DATA SECTION section start

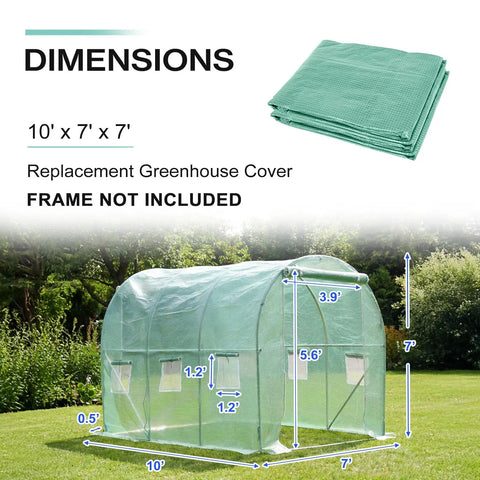 Replacement Greenhouse Cover For 10 Foot By 7 Foot By 7 Foot Large Walk In Tunnel Outdoor Plant Growing Greenhouse Spare Parts Cover Durable Waterproof UV Resistant PE Shield For Seasonal Use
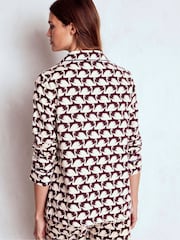 Boden Purple Brushed Cotton Pyjama Shirt - Image 3 of 5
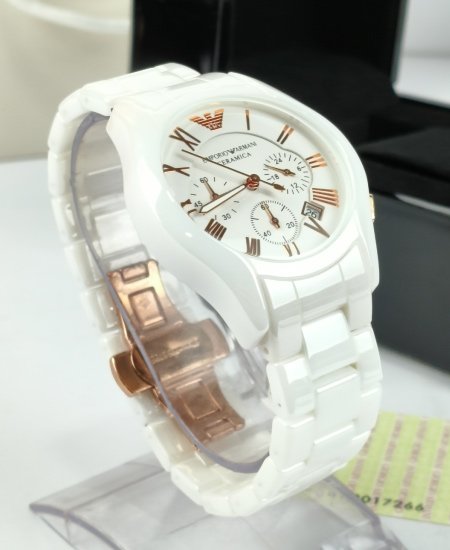Armani Ceramic White Roman Watch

DATA SECTION section end

Omit the pictures and output all remaining material exactly.

ANSWER BELOW:
 Replacement Greenhouse Cover For 10 Foot By 7 Foot By 7 Foot Large Walk In Tunnel Outdoor Plant Growing Greenhouse Spare Parts Cover Durable Waterproof UV Resistant PE Shield For Seasonal Use
 Boden Purple Brushed Cotton Pyjama Shirt - Image 3 of 5
Armani Ceramic White Roman Watch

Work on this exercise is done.